Below are entries to return in full. Keep each one exact.
++++
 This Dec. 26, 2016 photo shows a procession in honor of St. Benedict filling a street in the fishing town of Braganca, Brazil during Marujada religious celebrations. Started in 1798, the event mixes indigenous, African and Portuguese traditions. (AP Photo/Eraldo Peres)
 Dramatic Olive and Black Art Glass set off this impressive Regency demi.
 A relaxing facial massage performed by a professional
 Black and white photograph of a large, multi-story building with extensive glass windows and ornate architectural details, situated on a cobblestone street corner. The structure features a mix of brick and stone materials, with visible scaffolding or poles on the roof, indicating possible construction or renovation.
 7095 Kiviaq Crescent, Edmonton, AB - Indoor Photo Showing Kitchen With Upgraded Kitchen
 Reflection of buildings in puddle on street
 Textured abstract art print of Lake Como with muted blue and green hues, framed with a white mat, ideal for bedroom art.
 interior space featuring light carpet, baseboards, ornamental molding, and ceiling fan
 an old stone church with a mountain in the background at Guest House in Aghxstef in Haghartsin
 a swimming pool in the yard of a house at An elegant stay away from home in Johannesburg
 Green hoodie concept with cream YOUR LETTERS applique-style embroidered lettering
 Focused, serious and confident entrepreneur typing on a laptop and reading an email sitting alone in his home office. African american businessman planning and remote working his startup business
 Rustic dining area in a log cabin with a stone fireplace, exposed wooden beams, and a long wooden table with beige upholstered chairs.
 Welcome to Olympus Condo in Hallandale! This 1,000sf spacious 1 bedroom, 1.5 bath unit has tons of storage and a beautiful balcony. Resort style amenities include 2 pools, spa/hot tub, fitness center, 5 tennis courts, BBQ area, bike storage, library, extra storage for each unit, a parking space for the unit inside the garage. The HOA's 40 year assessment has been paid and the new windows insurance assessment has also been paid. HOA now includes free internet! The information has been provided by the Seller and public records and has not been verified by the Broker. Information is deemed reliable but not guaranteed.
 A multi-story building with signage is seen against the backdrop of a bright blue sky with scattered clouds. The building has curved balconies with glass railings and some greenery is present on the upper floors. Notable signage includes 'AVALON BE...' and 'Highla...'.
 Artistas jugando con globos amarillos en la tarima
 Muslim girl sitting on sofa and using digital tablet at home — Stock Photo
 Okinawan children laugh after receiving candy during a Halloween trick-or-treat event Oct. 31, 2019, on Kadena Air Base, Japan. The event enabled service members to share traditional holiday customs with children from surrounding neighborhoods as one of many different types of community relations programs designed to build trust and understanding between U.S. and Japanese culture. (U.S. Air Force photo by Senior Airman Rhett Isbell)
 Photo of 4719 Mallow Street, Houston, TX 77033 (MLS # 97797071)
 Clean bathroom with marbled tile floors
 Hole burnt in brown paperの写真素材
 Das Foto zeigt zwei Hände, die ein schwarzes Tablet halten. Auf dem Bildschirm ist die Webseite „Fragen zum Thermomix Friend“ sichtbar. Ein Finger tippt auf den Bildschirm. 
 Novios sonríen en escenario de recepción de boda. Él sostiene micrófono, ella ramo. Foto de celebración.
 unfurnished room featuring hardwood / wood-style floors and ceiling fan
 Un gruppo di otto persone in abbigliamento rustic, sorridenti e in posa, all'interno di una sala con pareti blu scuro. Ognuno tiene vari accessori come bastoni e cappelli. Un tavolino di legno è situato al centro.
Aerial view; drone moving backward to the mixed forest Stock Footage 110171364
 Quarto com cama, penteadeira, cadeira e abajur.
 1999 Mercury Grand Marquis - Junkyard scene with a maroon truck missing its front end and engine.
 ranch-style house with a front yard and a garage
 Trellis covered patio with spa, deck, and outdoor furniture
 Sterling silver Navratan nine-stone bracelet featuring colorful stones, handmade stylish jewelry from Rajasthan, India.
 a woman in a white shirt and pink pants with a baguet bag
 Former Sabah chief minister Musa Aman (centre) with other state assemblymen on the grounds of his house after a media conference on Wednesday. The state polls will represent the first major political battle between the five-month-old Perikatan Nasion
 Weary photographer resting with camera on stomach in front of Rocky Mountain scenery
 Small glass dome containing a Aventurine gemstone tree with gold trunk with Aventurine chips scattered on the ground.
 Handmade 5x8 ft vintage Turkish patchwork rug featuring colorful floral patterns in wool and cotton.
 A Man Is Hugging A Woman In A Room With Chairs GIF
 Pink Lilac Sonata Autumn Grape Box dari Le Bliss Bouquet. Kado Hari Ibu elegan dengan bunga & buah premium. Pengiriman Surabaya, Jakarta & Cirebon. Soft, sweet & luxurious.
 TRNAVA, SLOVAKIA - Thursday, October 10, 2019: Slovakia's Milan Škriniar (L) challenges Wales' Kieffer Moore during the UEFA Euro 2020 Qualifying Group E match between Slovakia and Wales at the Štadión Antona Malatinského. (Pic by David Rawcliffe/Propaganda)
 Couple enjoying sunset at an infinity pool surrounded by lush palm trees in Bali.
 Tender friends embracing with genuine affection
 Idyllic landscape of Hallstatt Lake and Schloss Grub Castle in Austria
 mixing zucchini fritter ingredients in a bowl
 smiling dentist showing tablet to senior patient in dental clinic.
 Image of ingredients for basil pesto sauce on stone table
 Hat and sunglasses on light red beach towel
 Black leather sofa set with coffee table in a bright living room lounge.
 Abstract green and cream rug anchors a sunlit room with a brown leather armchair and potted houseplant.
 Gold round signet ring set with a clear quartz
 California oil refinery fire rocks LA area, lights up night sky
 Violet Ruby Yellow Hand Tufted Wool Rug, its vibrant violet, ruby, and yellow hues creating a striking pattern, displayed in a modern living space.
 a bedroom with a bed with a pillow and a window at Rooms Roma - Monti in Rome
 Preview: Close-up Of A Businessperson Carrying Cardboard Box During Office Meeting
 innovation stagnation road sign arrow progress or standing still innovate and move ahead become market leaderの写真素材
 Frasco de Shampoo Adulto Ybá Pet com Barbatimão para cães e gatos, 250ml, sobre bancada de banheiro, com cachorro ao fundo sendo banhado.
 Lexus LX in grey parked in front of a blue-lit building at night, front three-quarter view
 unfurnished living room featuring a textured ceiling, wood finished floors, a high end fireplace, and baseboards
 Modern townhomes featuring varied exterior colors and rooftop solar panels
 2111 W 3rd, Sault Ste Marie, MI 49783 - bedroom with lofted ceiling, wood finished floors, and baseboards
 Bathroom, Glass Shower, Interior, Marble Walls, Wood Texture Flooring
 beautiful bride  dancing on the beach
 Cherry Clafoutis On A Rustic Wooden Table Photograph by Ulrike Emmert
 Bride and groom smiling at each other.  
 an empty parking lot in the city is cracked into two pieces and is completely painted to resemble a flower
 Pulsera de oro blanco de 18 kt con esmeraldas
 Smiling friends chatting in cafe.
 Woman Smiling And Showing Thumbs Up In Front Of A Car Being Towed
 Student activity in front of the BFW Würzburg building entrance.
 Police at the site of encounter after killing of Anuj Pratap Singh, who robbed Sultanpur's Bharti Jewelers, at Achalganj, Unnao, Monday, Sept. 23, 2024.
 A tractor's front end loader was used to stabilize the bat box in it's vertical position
++++
## Answer to this problem:
 This Dec. 26, 2016 photo shows a procession in honor of St. Benedict filling a street in the fishing town of Braganca, Brazil during Marujada religious celebrations. Started in 1798, the event mixes indigenous, African and Portuguese traditions. (AP Photo/Eraldo Peres)
 Dramatic Olive and Black Art Glass set off this impressive Regency demi.
 A relaxing facial massage performed by a professional
 Black and white photograph of a large, multi-story building with extensive glass windows and ornate architectural details, situated on a cobblestone street corner. The structure features a mix of brick and stone materials, with visible scaffolding or poles on the roof, indicating possible construction or renovation.
 7095 Kiviaq Crescent, Edmonton, AB - Indoor Photo Showing Kitchen With Upgraded Kitchen
 Reflection of buildings in puddle on street
 Textured abstract art print of Lake Como with muted blue and green hues, framed with a white mat, ideal for bedroom art.
 interior space featuring light carpet, baseboards, ornamental molding, and ceiling fan
 an old stone church with a mountain in the background at Guest House in Aghxstef in Haghartsin
 a swimming pool in the yard of a house at An elegant stay away from home in Johannesburg
 Green hoodie concept with cream YOUR LETTERS applique-style embroidered lettering
 Focused, serious and confident entrepreneur typing on a laptop and reading an email sitting alone in his home office. African american businessman planning and remote working his startup business
 Rustic dining area in a log cabin with a stone fireplace, exposed wooden beams, and a long wooden table with beige upholstered chairs.
 Welcome to Olympus Condo in Hallandale! This 1,000sf spacious 1 bedroom, 1.5 bath unit has tons of storage and a beautiful balcony. Resort style amenities include 2 pools, spa/hot tub, fitness center, 5 tennis courts, BBQ area, bike storage, library, extra storage for each unit, a parking space for the unit inside the garage. The HOA's 40 year assessment has been paid and the new windows insurance assessment has also been paid. HOA now includes free internet! The information has been provided by the Seller and public records and has not been verified by the Broker. Information is deemed reliable but not guaranteed.
 A multi-story building with signage is seen against the backdrop of a bright blue sky with scattered clouds. The building has curved balconies with glass railings and some greenery is present on the upper floors. Notable signage includes 'AVALON BE...' and 'Highla...'.
 Artistas jugando con globos amarillos en la tarima
 Muslim girl sitting on sofa and using digital tablet at home — Stock Photo
 Okinawan children laugh after receiving candy during a Halloween trick-or-treat event Oct. 31, 2019, on Kadena Air Base, Japan. The event enabled service members to share traditional holiday customs with children from surrounding neighborhoods as one of many different types of community relations programs designed to build trust and understanding between U.S. and Japanese culture. (U.S. Air Force photo by Senior Airman Rhett Isbell)
 Photo of 4719 Mallow Street, Houston, TX 77033 (MLS # 97797071)
 Clean bathroom with marbled tile floors
 Hole burnt in brown paperの写真素材
 Das Foto zeigt zwei Hände, die ein schwarzes Tablet halten. Auf dem Bildschirm ist die Webseite „Fragen zum Thermomix Friend“ sichtbar. Ein Finger tippt auf den Bildschirm. 
 Novios sonríen en escenario de recepción de boda. Él sostiene micrófono, ella ramo. Foto de celebración.
 unfurnished room featuring hardwood / wood-style floors and ceiling fan
 Un gruppo di otto persone in abbigliamento rustic, sorridenti e in posa, all'interno di una sala con pareti blu scuro. Ognuno tiene vari accessori come bastoni e cappelli. Un tavolino di legno è situato al centro.
Aerial view; drone moving backward to the mixed forest Stock Footage 110171364
 Quarto com cama, penteadeira, cadeira e abajur.
 1999 Mercury Grand Marquis - Junkyard scene with a maroon truck missing its front end and engine.
 ranch-style house with a front yard and a garage
 Trellis covered patio with spa, deck, and outdoor furniture
 Sterling silver Navratan nine-stone bracelet featuring colorful stones, handmade stylish jewelry from Rajasthan, India.
 a woman in a white shirt and pink pants with a baguet bag
 Former Sabah chief minister Musa Aman (centre) with other state assemblymen on the grounds of his house after a media conference on Wednesday. The state polls will represent the first major political battle between the five-month-old Perikatan Nasion
 Weary photographer resting with camera on stomach in front of Rocky Mountain scenery
 Small glass dome containing a Aventurine gemstone tree with gold trunk with Aventurine chips scattered on the ground.
 Handmade 5x8 ft vintage Turkish patchwork rug featuring colorful floral patterns in wool and cotton.
 A Man Is Hugging A Woman In A Room With Chairs GIF
 Pink Lilac Sonata Autumn Grape Box dari Le Bliss Bouquet. Kado Hari Ibu elegan dengan bunga & buah premium. Pengiriman Surabaya, Jakarta & Cirebon. Soft, sweet & luxurious.
 TRNAVA, SLOVAKIA - Thursday, October 10, 2019: Slovakia's Milan Škriniar (L) challenges Wales' Kieffer Moore during the UEFA Euro 2020 Qualifying Group E match between Slovakia and Wales at the Štadión Antona Malatinského. (Pic by David Rawcliffe/Propaganda)
 Couple enjoying sunset at an infinity pool surrounded by lush palm trees in Bali.
 Tender friends embracing with genuine affection
 Idyllic landscape of Hallstatt Lake and Schloss Grub Castle in Austria
 mixing zucchini fritter ingredients in a bowl
 smiling dentist showing tablet to senior patient in dental clinic.
 Image of ingredients for basil pesto sauce on stone table
 Hat and sunglasses on light red beach towel
 Black leather sofa set with coffee table in a bright living room lounge.
 Abstract green and cream rug anchors a sunlit room with a brown leather armchair and potted houseplant.
 Gold round signet ring set with a clear quartz
 California oil refinery fire rocks LA area, lights up night sky
 Violet Ruby Yellow Hand Tufted Wool Rug, its vibrant violet, ruby, and yellow hues creating a striking pattern, displayed in a modern living space.
 a bedroom with a bed with a pillow and a window at Rooms Roma - Monti in Rome
 Preview: Close-up Of A Businessperson Carrying Cardboard Box During Office Meeting
 innovation stagnation road sign arrow progress or standing still innovate and move ahead become market leaderの写真素材
 Frasco de Shampoo Adulto Ybá Pet com Barbatimão para cães e gatos, 250ml, sobre bancada de banheiro, com cachorro ao fundo sendo banhado.
 Lexus LX in grey parked in front of a blue-lit building at night, front three-quarter view
 unfurnished living room featuring a textured ceiling, wood finished floors, a high end fireplace, and baseboards
 Modern townhomes featuring varied exterior colors and rooftop solar panels
 2111 W 3rd, Sault Ste Marie, MI 49783 - bedroom with lofted ceiling, wood finished floors, and baseboards
 Bathroom, Glass Shower, Interior, Marble Walls, Wood Texture Flooring
 beautiful bride  dancing on the beach
 Cherry Clafoutis On A Rustic Wooden Table Photograph by Ulrike Emmert
 Bride and groom smiling at each other.  
 an empty parking lot in the city is cracked into two pieces and is completely painted to resemble a flower
 Pulsera de oro blanco de 18 kt con esmeraldas
 Smiling friends chatting in cafe.
 Woman Smiling And Showing Thumbs Up In Front Of A Car Being Towed
 Student activity in front of the BFW Würzburg building entrance.
 Police at the site of encounter after killing of Anuj Pratap Singh, who robbed Sultanpur's Bharti Jewelers, at Achalganj, Unnao, Monday, Sept. 23, 2024.
 A tractor's front end loader was used to stabilize the bat box in it's vertical position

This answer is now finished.